Tuesday, November 30, 2004

It's a [insert race] thing; you wouldn't understand.

One of my favorite things about the great land of Texas is Bush's Chicken. When I'm away, in the world of good dental hygiene, green leafy vegetables and Deer Huntin' orange with camouflage interior design motif's up north, the pale tan of the chicken-fried chicken strips, gravy the consistency of warm Vaseline (not that I would know anything about that) and fried okra of Bush's Chicken are what calls to me. Top all that off with a half-gallon of pancreas-punching sweet tea and coma’s almost worth it. It's what I call tank food; the kind of food that just marches through your system; kicking the ass of anything that would step into its way.

So one day a week or so ago, two of my friends and I decided to assuage my angst at becoming part of the single's community by kicking my arties in the crotch with a 2 piece at Bush's. Dine in, please. Tim Chao, Dave Chen and I order our food and find a nice booth on the right side of the restaurant. Dave and Tim sit facing doors; I hit the other side with my back to the entrance. I only say this because I usually like to sit with facing the entrance, in case someone decides to run in with AK-47's and hold up Bush's for extra Bush's Chicken Seasoning... yes, I'm strange. Very strange.

Anyway, just as I was finishing my crinkle-cut fries, I notice two young black men snicker as they walk by. To be honest, it really was a "snicker". I'd never really thought I'd actually heard a "snicker" until I heard their particular snicker. Yes, it was definitely a snicker.
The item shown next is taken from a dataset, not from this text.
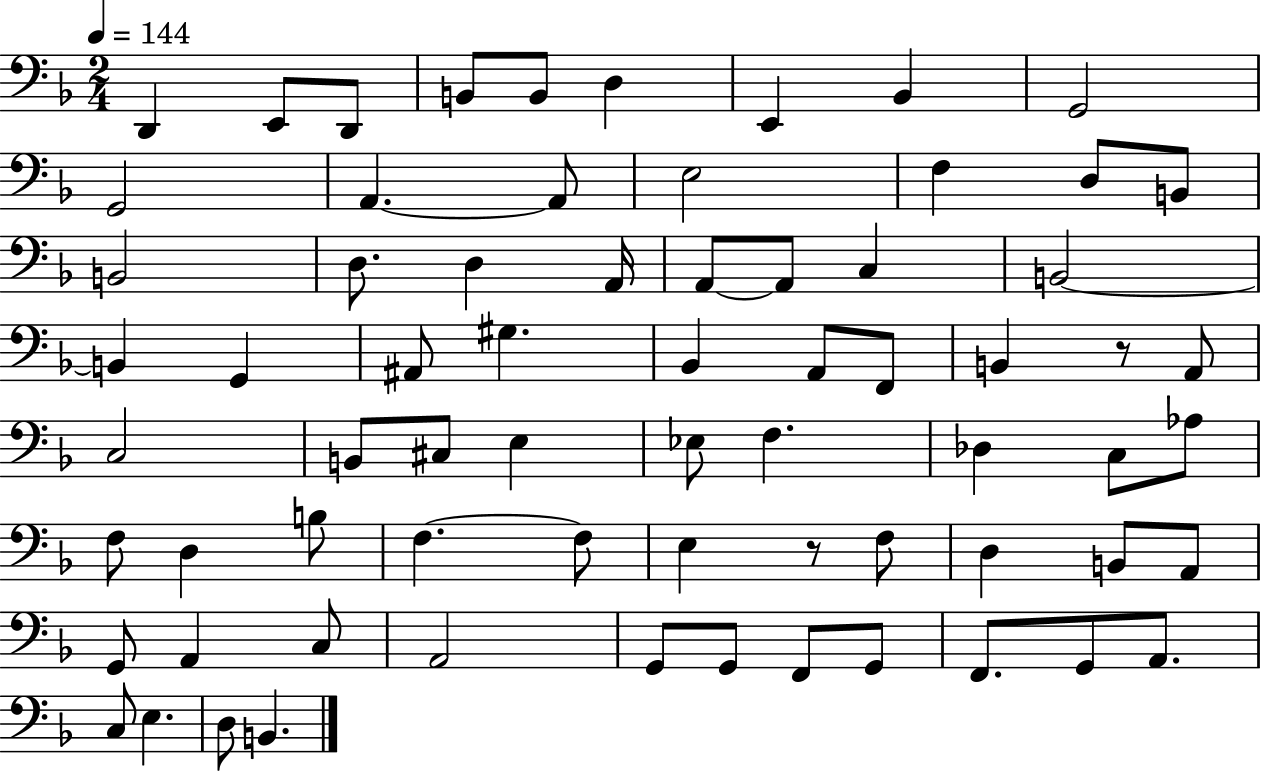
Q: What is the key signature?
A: F major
I didn't think anything of it -people usually laugh when they see me. A couple seconds later, I hear more laughing and then I think I catch the words "chop-sticks." Wait, this is a chicken joint. I eavesdrop -no I observe- a little closer and try to catch the rest of what these fellows are saying. I don't really have to listen closely as they start to get louder and louder.

"Hi YAW!" one yells as he rips through a napkin held up by his friend. "Oh, Daniel-San, your technique racks the soul of a warrior!"

At this, the devilish smile melts off my face as I realize these guys are making fun of my Asian friends. I turn around and look at them with the sternest, most withering scowl I can shape upon my face. They see me, laugh, duck and keep going. I hear them yell "Jackie Chan" and "Bruce Lee" in between purposely poor attempts at the Chinese language. The whole time, I'm getting more and angrier.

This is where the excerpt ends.